I più illustri studiosi di neuroetica in conclave con Scuola Imt a Lucca
Convegno in contemporanea con Stanford e con il Sudafrica

Scuola Imt di Lucca
LUCCA. La filosofa statunitense Adina Roskies la questione la inquadrerebbe così: «La neuroetica comprende non solo l’etica delle neuroscienze ma anche le neuroscienze dell’etica, e questo la rende unica nel panorama delle varie sezioni della bioetica». Non è un gioco di parole ma il terreno complicato sul quale si muovono le riflessioni degli specialisti in neuroetica: i massimi esperti in questo campo sono presenti in questi giorni a Lucca per un convegno alla Scuola Imt Alti Studi, nel complesso di San Francesco. Faccia a faccia non solo gli esperti della Società Italiana di Neuroetica ma anche quelli della International Society of Neuroethics.
Vale la pena di aggiungere che Lucca è «l’epicentro europeo» – così lo definiscono gli organizzatori – del più importante convegno mondiale dedicato alla neuroetica: lo è mentre in contemporanea qualcosa del genere si svolge a Stanford (negli Usa) e a Stellenbosch (in Sudafrica). Tre poli di quel giovane campo disciplinare nato dallo sviluppo delle neuroscienze cognitive, oltre che dalle loro potenziali ricadute teoretiche e pratiche, a livello etico, legale, sociale e politico.

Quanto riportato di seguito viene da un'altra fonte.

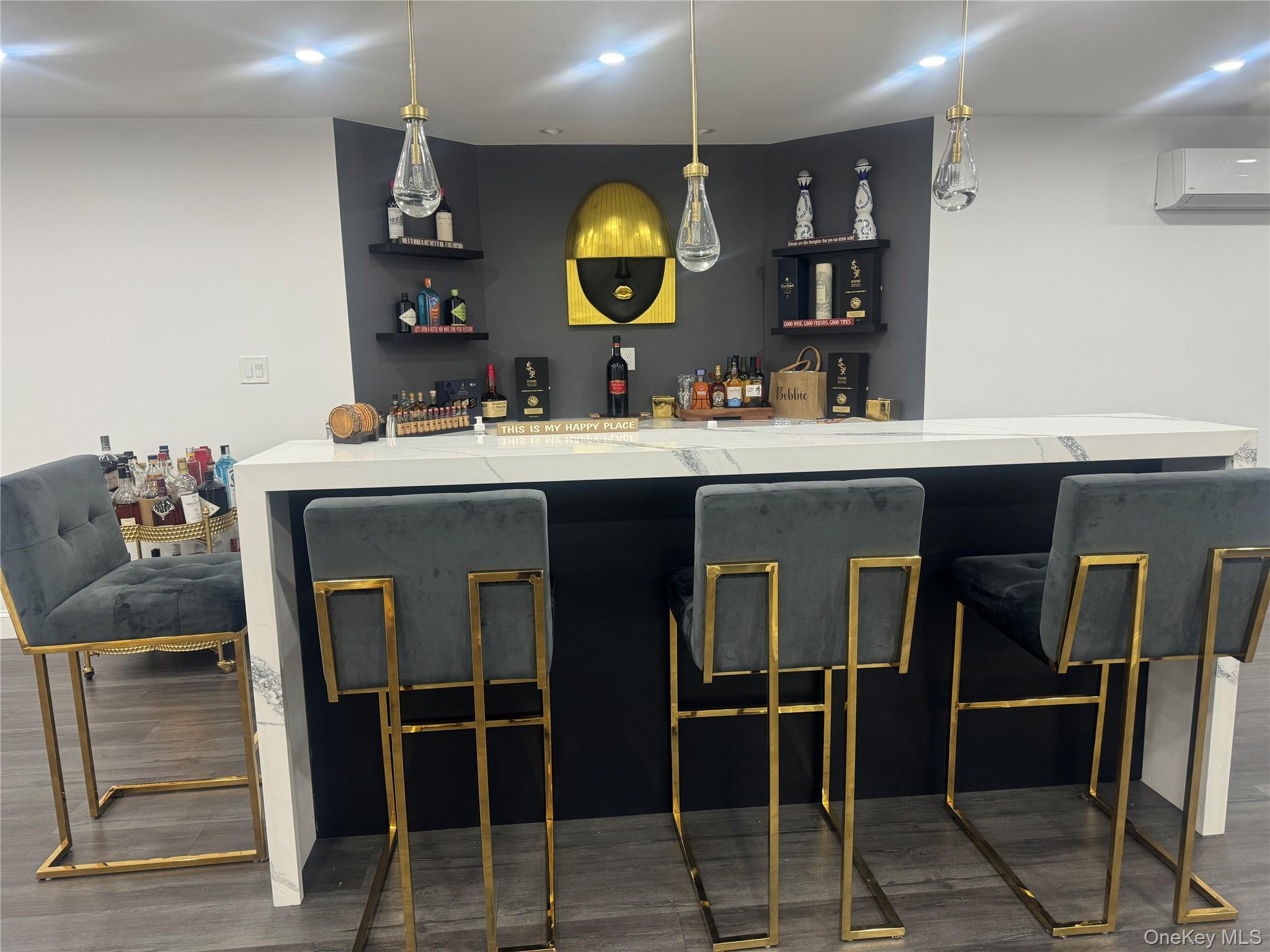 221 Rivendell Court, Melville, NY 11747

Nel corso del convegno ricevono la “medaglia Sine” per la filosofia Thomas Metzinger (Gutenberg University Germany) e quella per le neuroscienze Uta e Chris Frith (University College London): si tratta di premi che sono assegnati tutti gli anni durante la “conferenza scientifica internazionale di neuroetica” per acclarati meriti accademici e scientifici.
Queste le parole di Pietro Pietrini, direttore del Molecular Mind Laboratory della Scuola Imt e presidente del congresso insieme a Silvia Pellegrini (Università di Pisa): «Questo convegno rappresenta il più importante momento di incontro della comunità italiana degli studiosi e di esponenti della comunità internazionale in questo campo. Esperti di neuroscienze, logica, filosofia e altre discipline affini si incontreranno per un confronto all’insegna della multi e interdisciplinarità, come nello spirito della Scuola Imt».
Ecco la dichiarazione di Silvia Pellegrini, che su questi temi dirige il “programma di biochimica clinica specialistica” presso l’Azienda Ospedaliero-Universitaria Pisana. «I progressi della biologia molecolare e della genetica nelle ultime decadi hanno permesso di comprendere sempre più l’intricato rapporto tra natura e ambiente nello sviluppo della personalità e del comportamento umano, con implicazioni importanti non solo per la clinica, ma anche per l’etica e la giurisprudenza».